Since the DaVita case was brought forward in 2021, DOJ has filed another five no-poach cases, including one against Surgical Care Affiliates LLC, an alleged co-conspirator with DaVita. O'Brien doesn't believe that DOJ will have much success in those cases, either.

"Since 2016 the Antitrust Division has said prosecuting wage-fixing and no-poach cases is a top priority.  They do not seem ready to concede defeat or back down," O'Brien says. "But in the DaVita case the defendants conceded the agreement – typically the heart of an antitrust crime – and they did not win."

"There were defense victories in the DaVita case beyond the acquittals," she said. "The court's findings on the motion to dismiss and jury findings will be helpful to defendants in pending no poach cases."

Instead of criminal prosecution, O'Brien says DOJ should pursue civil charges, or press for legislative changes.

"The Antitrust Division should be thinking long and hard about its ability to win these cases and whether they should be brought under the principles of federal prosecution," she says.

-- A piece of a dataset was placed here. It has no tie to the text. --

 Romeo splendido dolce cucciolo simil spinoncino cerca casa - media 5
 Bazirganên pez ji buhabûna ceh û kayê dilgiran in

“Defense counsel often put 'labor market' in quotes because people are not widgets and labor is not a proper antitrust market.”

John Commins is a content specialist and online news editor for HealthLeaders, a Simplify Compliance brand.

Photo credit: WASHINGTON, DC - SEPTEMBER 10: Sign for the Department of Justice (DOJ) in Washington, DC on September 10, 2016. By Mark Van Scyoc / Shutterstock


KEY TAKEAWAYS

In U.S. vs. DaVita et al., the Denver-based kidney dialysis specialists and former CEO Kent Thiry were charged in three separate conspiracies with rival healthcare companies to suppress competition for some employees from 2012 through June 2019.

Critics note that DOJ is attempting to gain criminal convictions for labor market practices that have traditionally been prosecuted as civil offenses.

Since the DaVita case was brought forward in 2021, DOJ has filed another five no-poach cases, including one against Surgical Care Affiliates LLC, an alleged co-conspirator with DaVita.